A pesar de ello, empezó a aguzar el oído y a meterle un poco de sentido común en la cabeza el día en que Reeves fue a buscarle con aspecto preocupado para exponerle cierta aprensión…

—Hay un asunto que me inquieta, sir. No pienso que debamos tenerlo muy en cuenta, pero me gustaría contar con su aprobación.

—¿Qué sucede, Reeves? —inquirió el coronel.

—El secado de la madera, sir. Ninguna obra seria puede ejecutarse con árboles recientemente abatidos. Haría falta exponerlos antes al aire libre.

—¿Cuánto tiempo se precisa para secar su madera, Reeves?

—Ello depende de la calidad, sir. En ciertas especies, es prudente dejarla hasta dieciocho meses, o incluso dos años.

—Imposible, Reeves —dijo el coronel con vehemencia—. Sólo disponemos de cinco meses en total.

El capitán hundió la cabeza con gesto afligido.

—Desgraciadamente ya lo sabía, y es justo eso lo que me tiene desolado.

—¿Qué inconveniente hay en utilizar madera fresca?

—Determinadas especies se contraen, sir, lo que puede provocar grietas y holguras después de montada la obra… aunque no en todas las maderas. El olmo, por ejemplo, prácticamente no se altera. Naturalmente, he escogido árboles con características similares a este último… Los machones de olmo del «London Bridge», sir, han resistido seiscientos años.

—¡Seiscientos años! —exclamó el coronel Nicholson. Una llama brillaba en sus ojos cuando se giró instintivamente hacia el río Kwai—. Seiscientos años no estaría nada mal, Reeves.

—¡Ah!, pero es un caso excepcional, sir. Aquí apenas podemos esperarnos cincuenta o sesenta años; tal vez un poco menos, si la madera no seca bien.

—Debemos arriesgarnos, Reeves —sentenció el coronel con autoridad—. Utilice madera fresca. No podemos hacer milagros. Si se nos reprocha algún fallo, basta con que podamos responder que fue inevitable.

—Entiendo, sir… Hay otro punto: la creosota, que protege las vigas del ataque de los insectos. Creo que tendremos que prescindir de ella, sir.

Los japoneses no tienen. Naturalmente, nosotros podríamos fabricar un sucedáneo. He pensado en montar un aparato para la destilación de la madera. Es factible, pero exigiría un poco de tiempo… Aunque no lo recomiendo, después de mucha reflexión.

—¿Por qué motivo, Reeves? —preguntó el coronel Nicholson, a quien encantaba este tipo de detalles técnicos.

—Si bien hay división de opiniones al respecto, los mejores especialistas desaconsejan el creosotado cuando la madera no ha sido secada convenientemente, sir. La creosota ayuda a conservar la savia y la humedad, con el consiguiente riesgo de que se origine un rápido enmohecimiento.

—En ese caso, suprimiremos el creosotado, Reeves. Tenga en cuenta que no debemos meternos en empresas que están por encima de los medios de los que disponemos. No hay que olvidar que el puente tiene una utilidad inmediata.

—Aparte de esos dos asuntos, sir, ahora estoy convencido de que podemos construir en este lugar un puente apropiado desde el punto de vista técnico, y medianamente resistente.

—De eso justamente se trata, Reeves.
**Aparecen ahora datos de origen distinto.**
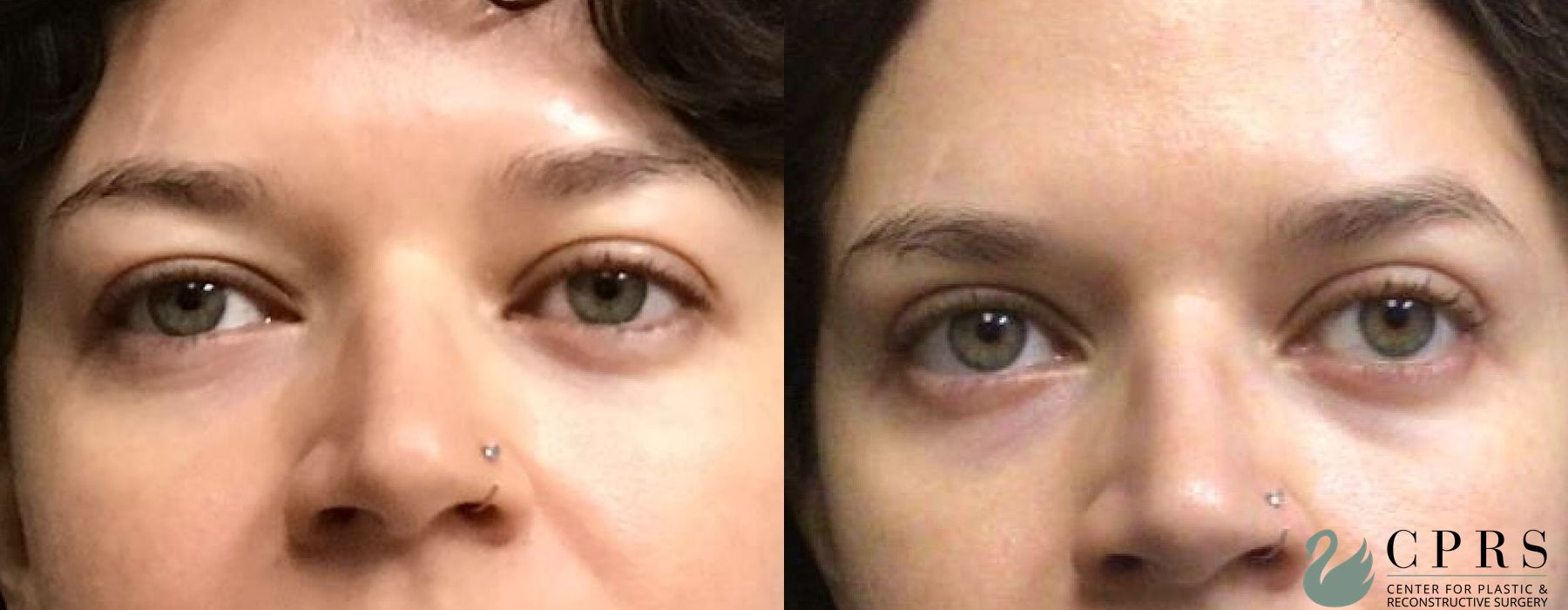 Before and after Blepharoplasty case 18998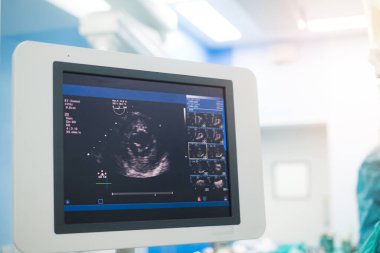 Doktor kalp hastasını ekokardiyogramla teşhis için inceliyor ya da semptomları açıklıyor. Tıbbi muayene, ultrason. Tıbbi ekipman.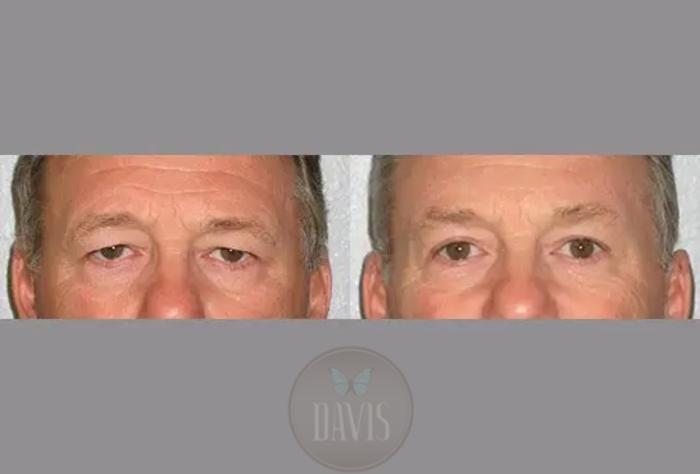 Before & After Upper Eyelid Lift/Blepharoplasty Case 1014 View 1 View in Tampa, FL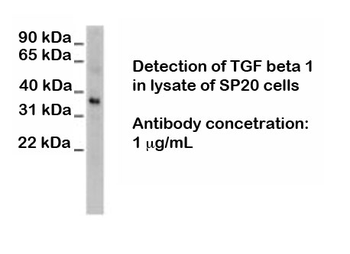 Transforming Growth Factor (TGF) beta 1, middle region Antibody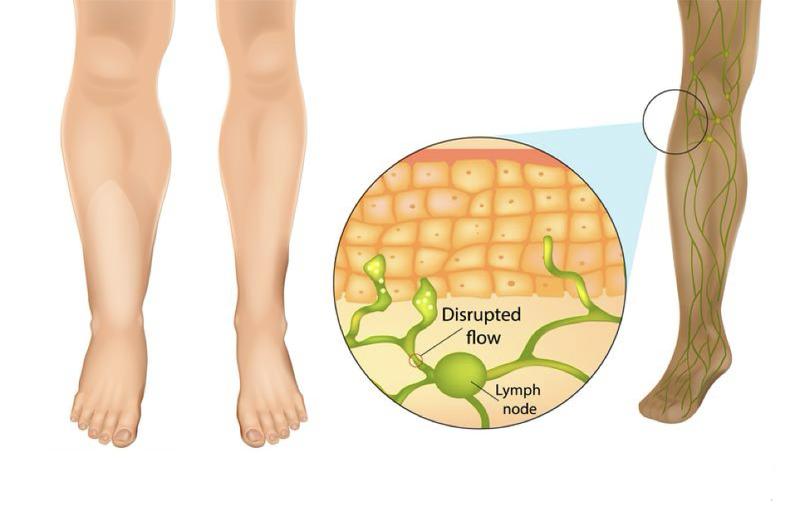 Jambes lourdes : causes, signes et solutions naturelles efficaces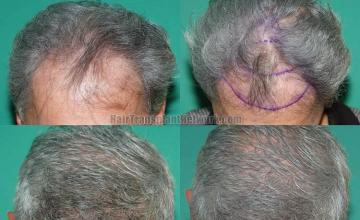 Top view before and after hair restoration results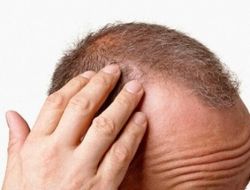 Troid Hastalıkları Önce Saçı Vuruyor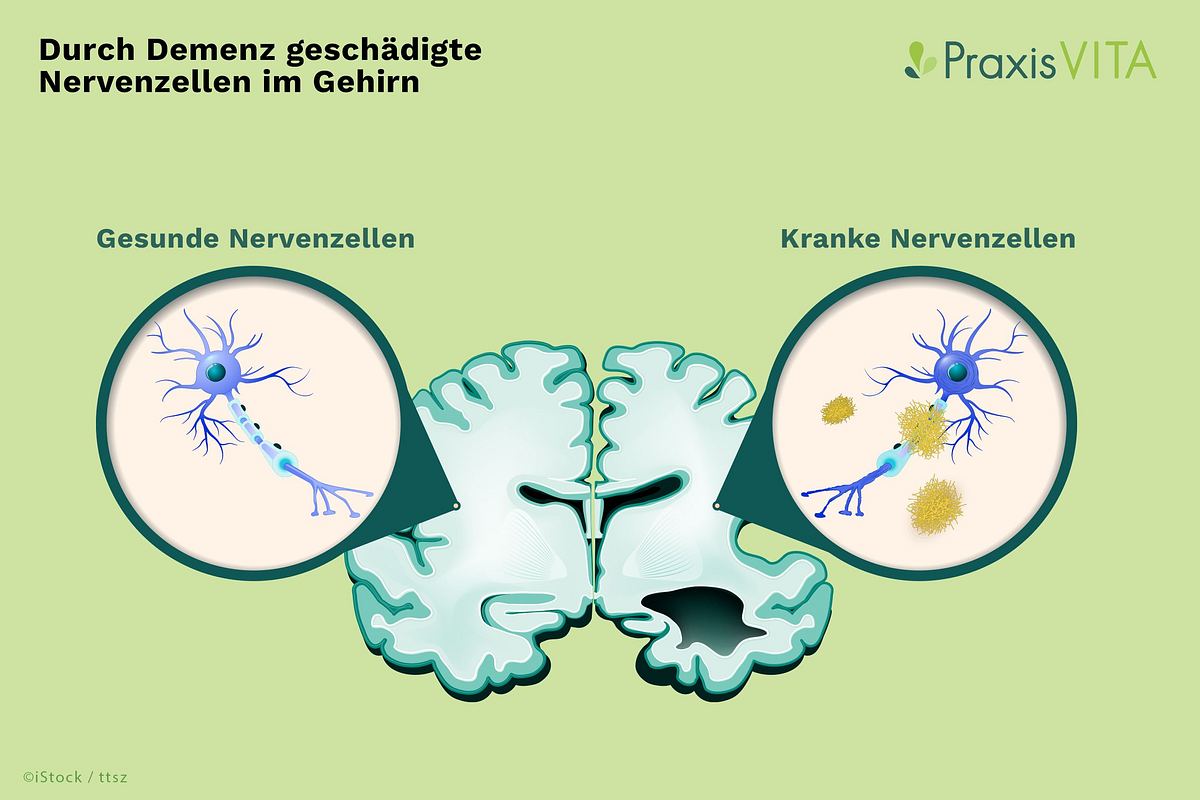 Grafik gesunder und geschädigter Nervenzellen bei Demenz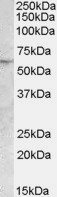 ATGL Antibody in Western Blot (WB)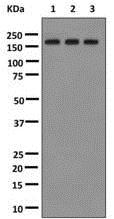 Western blot - Anti-FANCD2 antibody [EPR2279(3)] (AB178705), expandable thumbnail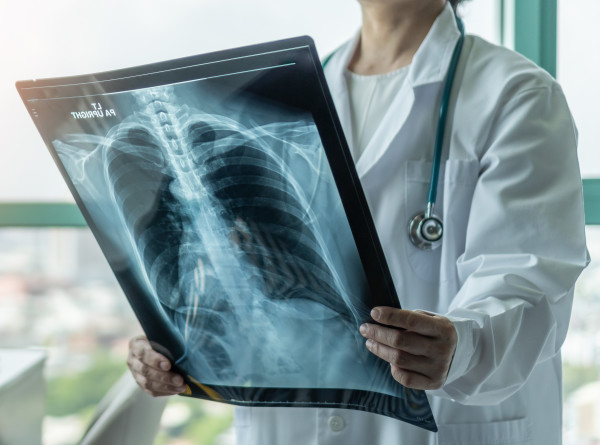 «Практически каждый заражен туберкулезом»: врачи ответили на главные вопросы об этом заболевании
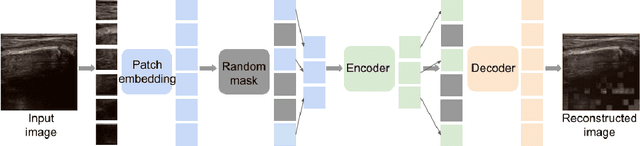 Figure 1 for Self-supervised TransUNet for Ultrasound regional segmentation of the distal radius in children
Va por buen camino. Un puente medianamente resistente y apropiado desde el punto de vista técnico. «Un puente» y no un andamiaje innombrable. No está nada mal. Se lo repito, tiene toda mi confianza.

El coronel Nicholson se despidió de su asesor técnico, satisfecho de haber encontrado una fórmula breve que definiera la meta a alcanzar.